County in Ohio, United States

Montgomery County is in the southwestern part of the U.S. state of Ohio. At the 2020 census, the population was 537,309, making it the fifth-most populous county in Ohio. The county seat is Dayton. The county was named in honor of Richard Montgomery, an American Revolutionary War general, who was killed in 1775 while attempting to capture Quebec City, Canada. Montgomery County is part of the Dayton, Ohio, Metropolitan Statistical Area.

==Geography==
The county has a total area of 464 sqmi, of which 462 sqmi is land and 2.8 sqmi (0.6%) is water.

===Adjacent counties===
- Miami County (north)
- Clark County (northeast)
- Greene County (east)
- Warren County (south)
- Butler County (southwest)
- Preble County (west)
- Darke County (northwest)

===Major highways===

- Interstate 70
 Interstate 70 Alternate
- Interstate 75
- Interstate 675
- U.S. Route 25
- U.S. Route 35
- U.S. Route 40
- State Route 4
- State Route 48
- State Route 49
- State Route 123
- State Route 201
- State Route 202
- State Route 235
- State Route 444
- State Route 725
- State Route 741
- State Route 835

===National protected area===
- Dayton Aviation Heritage National Historical Park (part)

==Demographics==

Historical population
| Census | Pop. | Note | %± |
| 1810 | 7,722 |  | — |
| 1820 | 15,999 |  | 107.2% |
| 1830 | 24,362 |  | 52.3% |
| 1840 | 31,938 |  | 31.1% |
| 1850 | 38,218 |  | 19.7% |
| 1860 | 52,230 |  | 36.7% |
| 1870 | 64,006 |  | 22.5% |
| 1880 | 78,550 |  | 22.7% |
| 1890 | 100,552 |  | 28.0% |
| 1900 | 130,146 |  | 29.4% |
| 1910 | 163,763 |  | 25.8% |
| 1920 | 209,532 |  | 27.9% |
| 1930 | 273,481 |  | 30.5% |
| 1940 | 295,480 |  | 8.0% |
| 1950 | 398,441 |  | 34.8% |
| 1960 | 527,080 |  | 32.3% |
| 1970 | 606,148 |  | 15.0% |
| 1980 | 571,697 |  | −5.7% |
| 1990 | 573,809 |  | 0.4% |
| 2000 | 559,062 |  | −2.6% |
| 2010 | 535,153 |  | −4.3% |
| 2020 | 537,309 |  | 0.4% |
| 2025 (est.) | 539,598 | Increase | 0.4% |
U.S. Decennial Census 1790-1960 1900-1990 1990-2000 2010-2020

===2020 census===
As of the 2020 census, the county had a population of 537,309. The median age was 39.6 years. 21.7% of residents were under the age of 18 and 18.5% of residents were 65 years of age or older. For every 100 females there were 93.3 males, and for every 100 females age 18 and over there were 90.5 males age 18 and over.
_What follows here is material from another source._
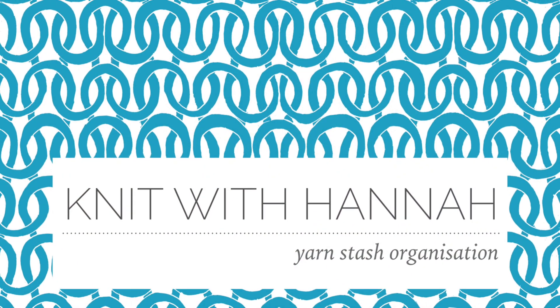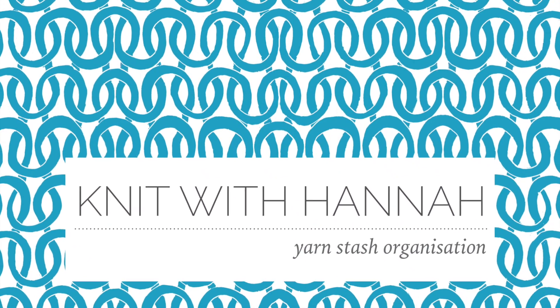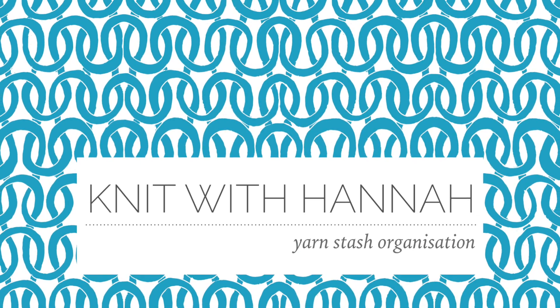Hi and welcome to Knit with Hannah. I'm Hannah, and I'm here with Knitting Netter to help you learn to knit the easy way.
The racial makeup of the county was 67.9% White, 21.2% Black or African American, 0.3% American Indian and Alaska Native, 2.4% Asian, <0.1% Native Hawaiian and Pacific Islander, 1.9% from some other race, and 6.3% from two or more races. Hispanic or Latino residents of any race comprised 3.9% of the population.

94.5% of residents lived in urban areas, while 5.5% lived in rural areas.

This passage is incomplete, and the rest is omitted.